First let's cover some background on variables, definition is pretty straight forward. Below you can see how to create an int variable.

int  x;

So let's get into the thick of it, what is a pointer? A pointer is a variable to a memory location! Wait, that's it? Is it possible that I am misconstruing what a pointer is? Not at all, instead the confusion comes when you begin explaining how to USE them. So let's see how to define a int pointer.

int  *x;

Yes, that is it, I've defined a pointer; the variable is interpreted as such; x is a variable that contains a memory location to an int. But wait, that cannot be it; people tell me that pointers are really difficult to use. Yes, it is a little bit harder, see you have to dereference the variable x to get the integer that is pointed to by the memory location stored in x. Ok, so now your eyes have glazed over right? You've decided to continue on to some other blog and see if someone else can explain it better but STOP and take a deep breath.

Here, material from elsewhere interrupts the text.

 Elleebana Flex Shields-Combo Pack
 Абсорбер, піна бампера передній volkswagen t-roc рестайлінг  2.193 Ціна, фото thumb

Let's look at a better example from our pointer variable x. Let's assume that we have a section of memory that is the memory representation of an int (4 bytes long).

 ---------------
| 4 bytes, woot |
 ---------------

Let's also put some byte numbers to this.

 ---------------
| 4 bytes, woot |
 ---------------
^ 0x1       0x5 ^

Ok, ok so what about our int *x? What the hell does that even mean and what is contained in there? Well, are you ready? It contains the address of our int (the 4 bytes above). So wait, x = 0x1? That's right! But now you have to "dereference" x. So bare with me; you have x which contains the memory location of our int. We need to get THE int. Therefore we need to get the data AT the memory location right? HA, that is dereferencing. So how do we do it?

*x=10;

No, it cannot be that simple... Yes, actually it is! The * tells the compiler to treat the variable as a pointer and to use the current variable as a memory location. So how do we know that it is an int? Aha! Because we defined it as an "int *" which means that inherently when we dereference x, *x must be an int. So now that we understand that the * indicates a reference and is used to dereference a pointer; what the hell is that ampersand '&' used for?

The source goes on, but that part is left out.